Задачи для боевого охранения в наших уставах поставлены неконкретно, задачи слишком большие. Какие же задачи? С одной стороны, предупредить оборону о необходимости повышения ее готовности, с другой стороны, ввести противника в обман в отношении своего переднего края. И это должен выполнить взвод на фронте 2-х км и с большой глубиной.

Делается сейчас попытка в нашем новом проекте Боевого устава отразить, что можно усиливать боевое охранение. Я лично держусь такой точки зрения (которую отразил на этой схеме), что позиция боевого охранения отжила свой век.
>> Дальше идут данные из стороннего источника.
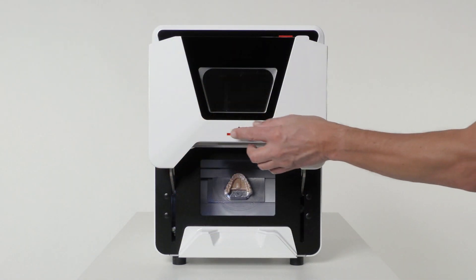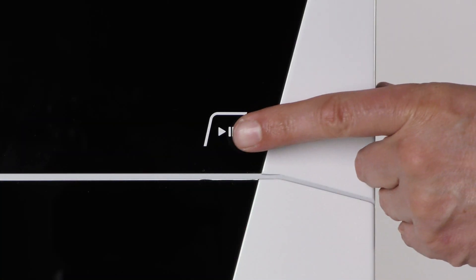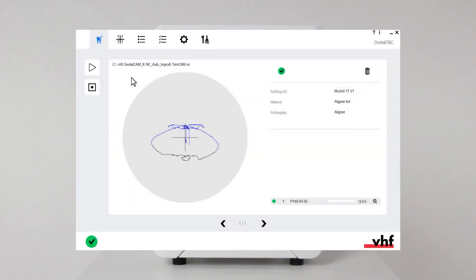When all three points are given, close the working chamber door. Start the job with the start button. Alternatively, start the job via dental CNC.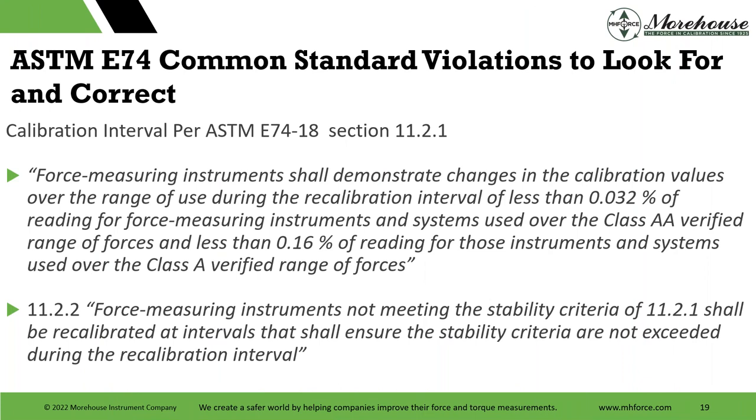Some common violations we see: Section 11.2.1 is the recalibration criteria. For class AA it needs to be better than 0.032%, and for class A better than 0.16%. The maximum stability interval is two years. The standard is clear: if you set an interval and all points compare better than 0.032% from the previous calibration, you can set a two-year interval. If force measurements don't meet the stability criteria, you need to shorten the interval — it could be down to 18 months, 16 months, or even one day, depending on instrumentation variability.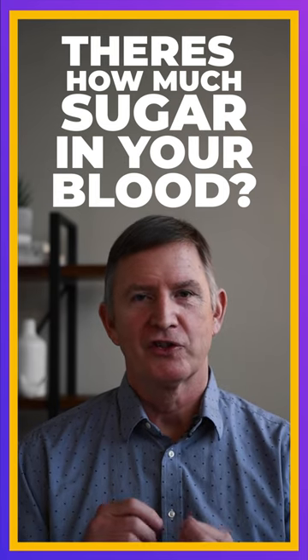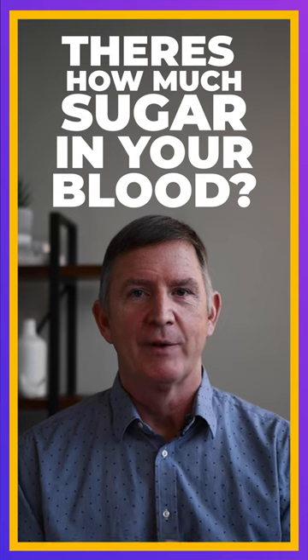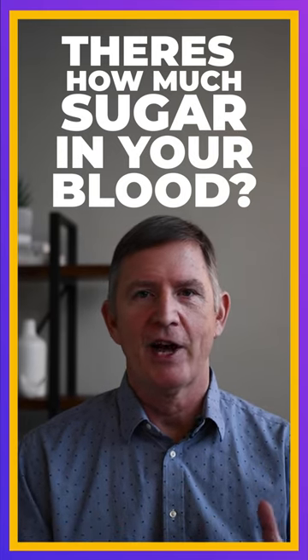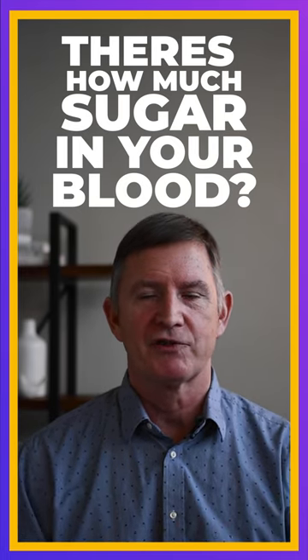So if you measure your blood sugar, it says 100 milligrams per deciliter. We have about five liters of blood in our body. You multiply that out, it's about five grams or one teaspoon of sugar in the entire bloodstream.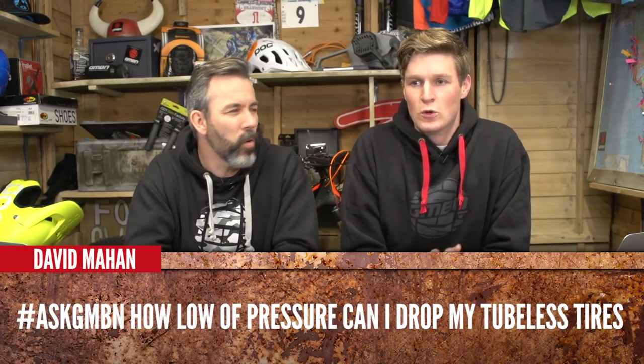David Mahan asks: how low pressure can I drop in my tubeless tyres? It really depends on where you're riding, because you should be adjusting your tyre pressure to the grip you need on the trail. It's a matter of experimentation — it's hard to give one pressure. I'm 75 kilograms and I generally run 26 psi in the front and 29 in the rear, working from that base point — adding a little more pressure if they're squirming, or taking some out if I want more grip. Have a play with it.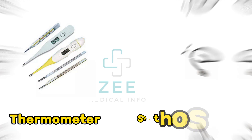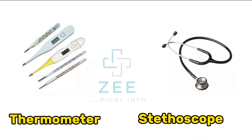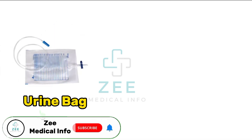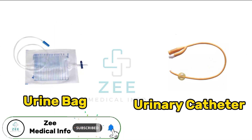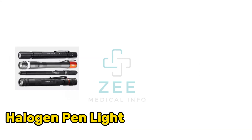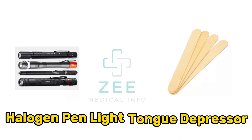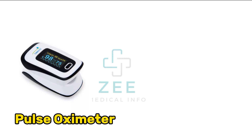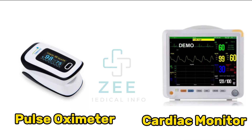Thermometer, stethoscope, urinary catheter, halogen pen light, tongue depressor, pulse oximeter, cardiac monitor.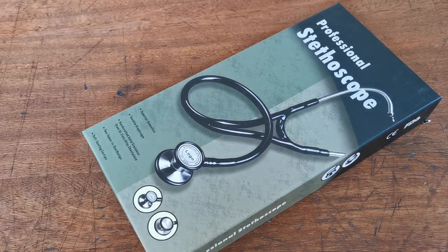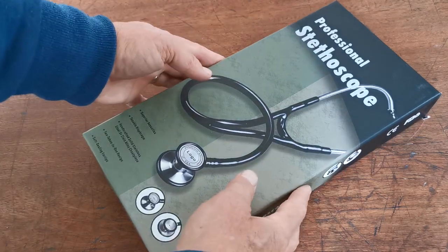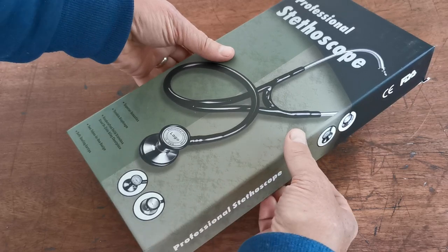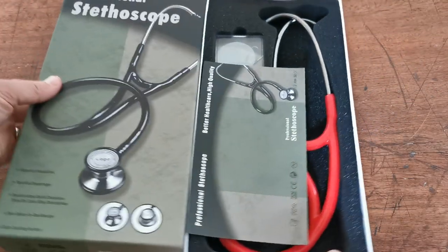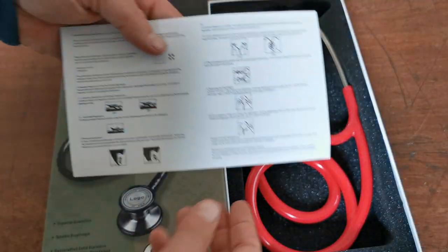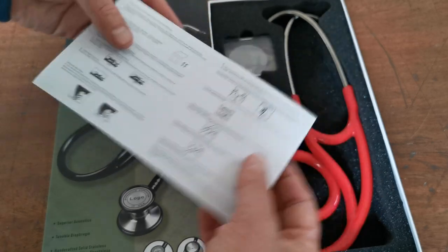Welcome to this Value Med presentation. This cardiology stethoscope is an item we've been selling for some time now. The outer packaging is as it's going to be presented to you. Standard CE and FDA boxing certificates on this are all as you would expect for a medical piece of equipment. There's also a standard insert with some basic guidelines and setup, usage, and storage information.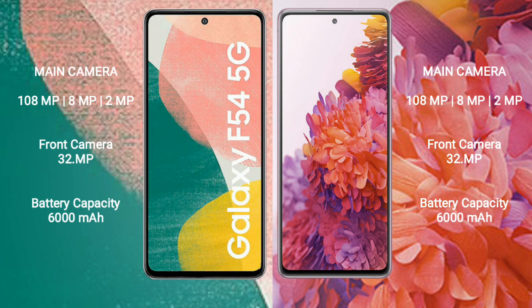Samsung Galaxy A54 has a 5000mAh battery with 25W fast charging support. Samsung Galaxy S20 FE has a 4500mAh battery with 25W fast charging support.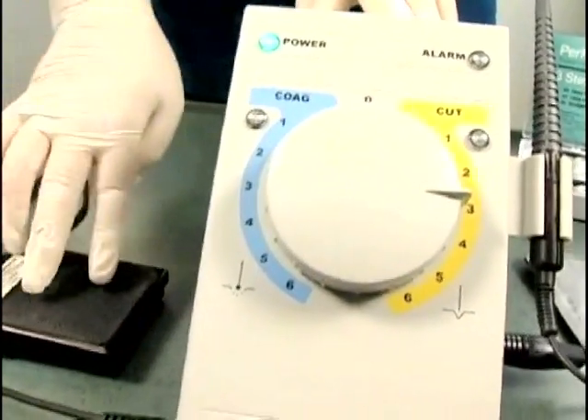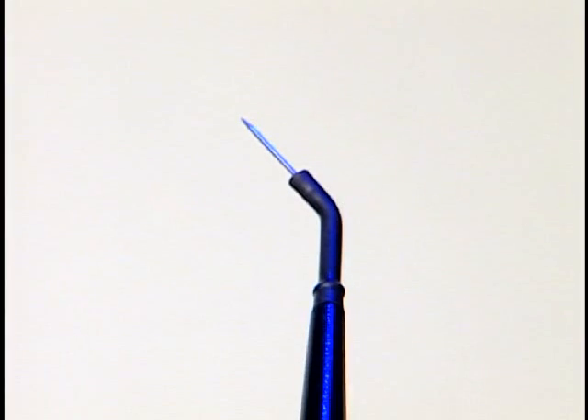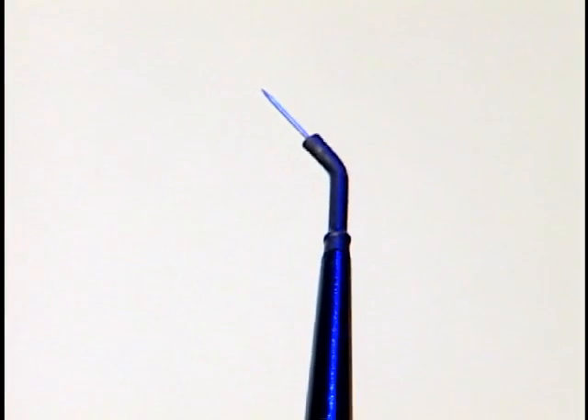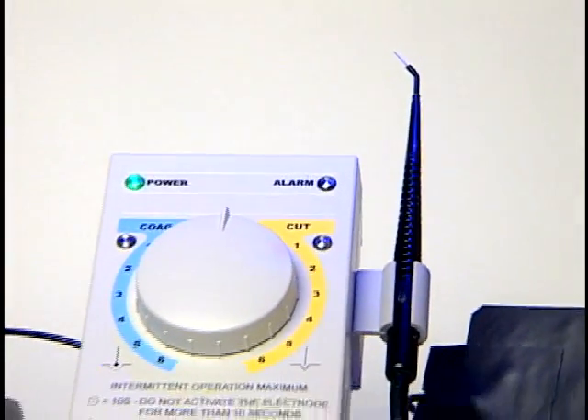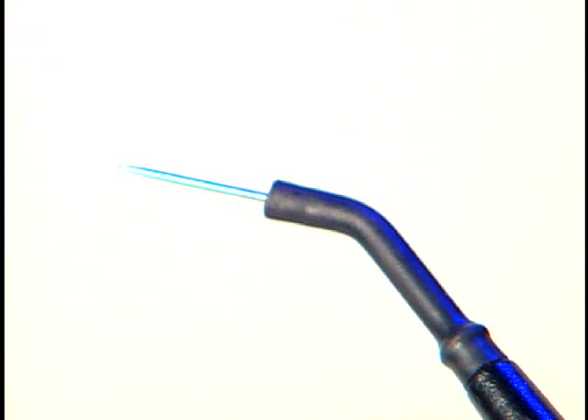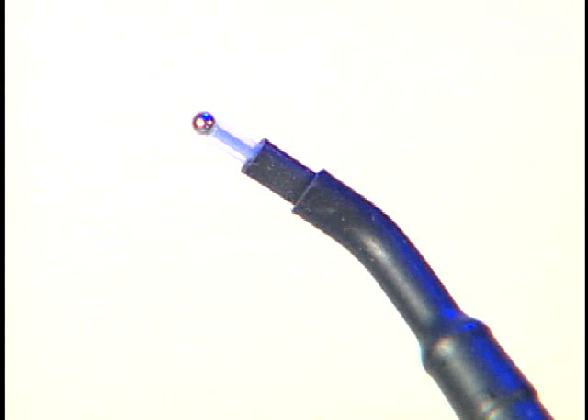Now the Perfect TCS 2 is ready for use. The Perfect TCS 2 uses three sterilizable electrodes: the straight knife electrode, the long loop electrode, and the coag ball electrode.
Там, где мы располагаем позицию боевого охранения, примыкающую к главной полосе нашей обороны, она должна явиться первой позицией обороны или первым эшелоном. [304] На этой позиции мы должны противника, уже измотанного предыдущими боями, принять перед главной полосой обороны или, вернее, перед главным рубежом нашей обороны и здесь его достаточно растрепать.

Я преследую в этом и утилитарную цель. Ведь приходится, когда организуешь оборону, брать какого-то иностранного противника. Меня, как тактика, интересует вопрос, чтобы на подступах той позиции, которую я избрал для основательной драки, иметь такую перспективу, чтобы разбить у наступающего хотя бы одну треть сил.

Если я себе не поставлю такую задачу (разбить 1/3 сил противника), если я не придам тактического значения последней зоне предполья, опирающейся на артиллерийский огонь, и, кроме того, в порядке последовательности укрепленной лучше в инженерном отношении, то в этом случае я не получу перспективы боя.

Если нет этой возможности, если эта перспектива открыто передо мной не стоит, тогда зачем мне нужно было и огород городить, зачем мне нужно было драться в предполье? Тогда мои два батальона фактически выполнили роль передовых отрядов, а по ее выполнении отошли к ударной группе дивизии.

Почему я не за усиление до полутора рот боевого охранения, как предлагает проект Боевого устава пехоты, ч. 2. Потому, что оборона на первой полосе должна быть организована теми полками, для которых мною, как командиром дивизии, выбран главный рубеж в глубине. Здесь организуется оборона, прочная, оборона противотанковая и оборона артиллерийская. От этой первой полосы обороны выдвигается боевое охранение, а не от главных сил обороны. Последние имеют свое собственное охранение.

Вот на этой схеме два батальона стоят в полосе первой позиции или первого эшелона обороны с глубиной этой позиции до 1 км (там, где было раньше боевое охранение).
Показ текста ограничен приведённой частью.